A FESTIVAL showcasing South Asian heritage in Bradford is set to begin tomorrow.

Bradford South Asian Heritage Month launches tomorrow and runs until August 22 at Kala Sangam Arts Centre with the ‘Gigglewallahs!’ open mic comedy night hosted by BBC Radio 4 and Radio Leeds personality, writer and comedian Nick Ahad.

Last year’s inaugural festival, held at the height of the Covid-19 lockdown, featured 24 virtual activities including a live cook-along, a storytelling night with people sharing personal tales and items from their heritage; a women’s cricket match special; a Q and A with Bradford crime writer A A Dhand, and a women’s forum – ‘Brown Girls Just Wanna Have Fun’.

This year’s calendar includes a mix of live and virtual events, among them a hip-hop night featuring young South Asian performers; poetry and dance showcases; a retrospective of the legendary Bradford Mela; a ‘musical calligraphy’ event combining Islamic calligraphy with Sufi music influences; conversation sessions focusing on men’s and women’s mental health and issues like depression and menopause; cooking and sports sessions; and a young people’s forum, ‘Young, Brown and Bradfordian’. The event will end on August 22 with a celebration of the Hindu and Sikh festival of Raksha Bandhan, which is about the importance of sibling bonds and protecting each other.

Using the #HappyRakshaBandhanBradford hashtag, people will be encouraged to celebrate the importance of these values across communities and blood ties - brotherhood and sisterhood in all its forms.

The day will also pay tribute to the Covid-19 frontline workers who have protected everyone through recent challenging times.
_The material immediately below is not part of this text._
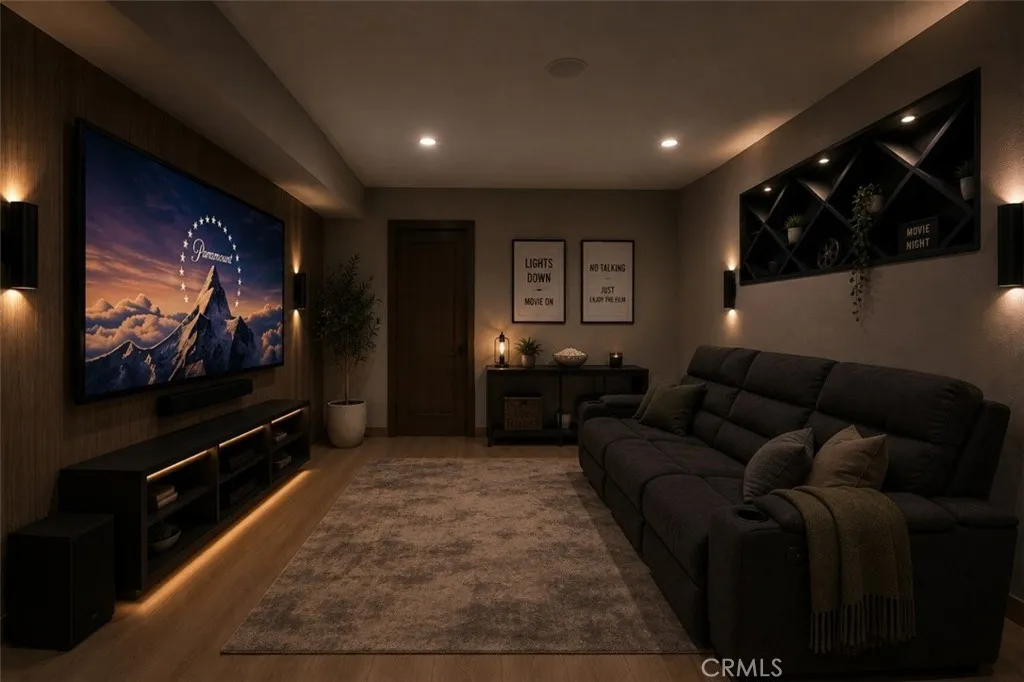 Virtually Staged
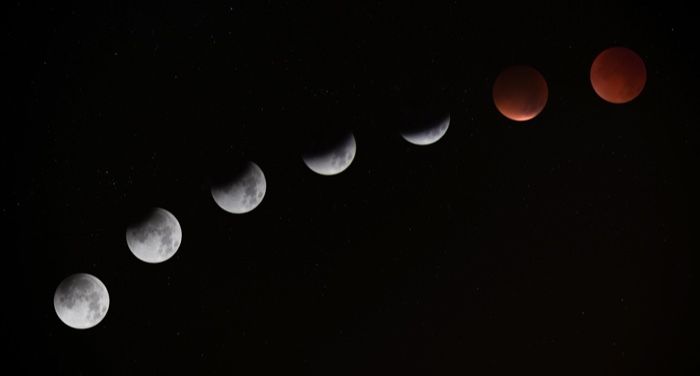 moon phases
The idea of Bradford South Asian Heritage Month - which is supported by Bradford Fringe, The Leap and the Bradford 2025 bid among others - is to promote the rich and vibrant contribution of South Asian diaspora communities to the life and identity of Bradford, and to reach out to people regardless of background who are interested in South Asian culture but who might not normally normally engage with mainstream arts and culture.

Artists Munaza Kulsoom and Uzma Kazi, who are co-organisers of this year’s event, said: “We are delighted to be able to bring Bradford South Asian Heritage Month back.

“As life starts to get back to normal post-pandemic, arts and culture is going to play a huge part in making us all feel better collectively, and we are keen to reflect that sense of moving forward with our packed calendar this year.

“This will be a month-long celebration of the culture, history, diversity and creativity of the UK’s South Asian diaspora communities, viewed through the lens of Bradford and its people.

“Bradford South Asian Heritage Month 2021 will celebrate and appreciate the creativity, colour, spectacle, poetry, culinary magic, exuberance and entrepreneurial flair that define Bradford’s ‘desi’ contingent - and will help reclaim Bradford’s story in the process.”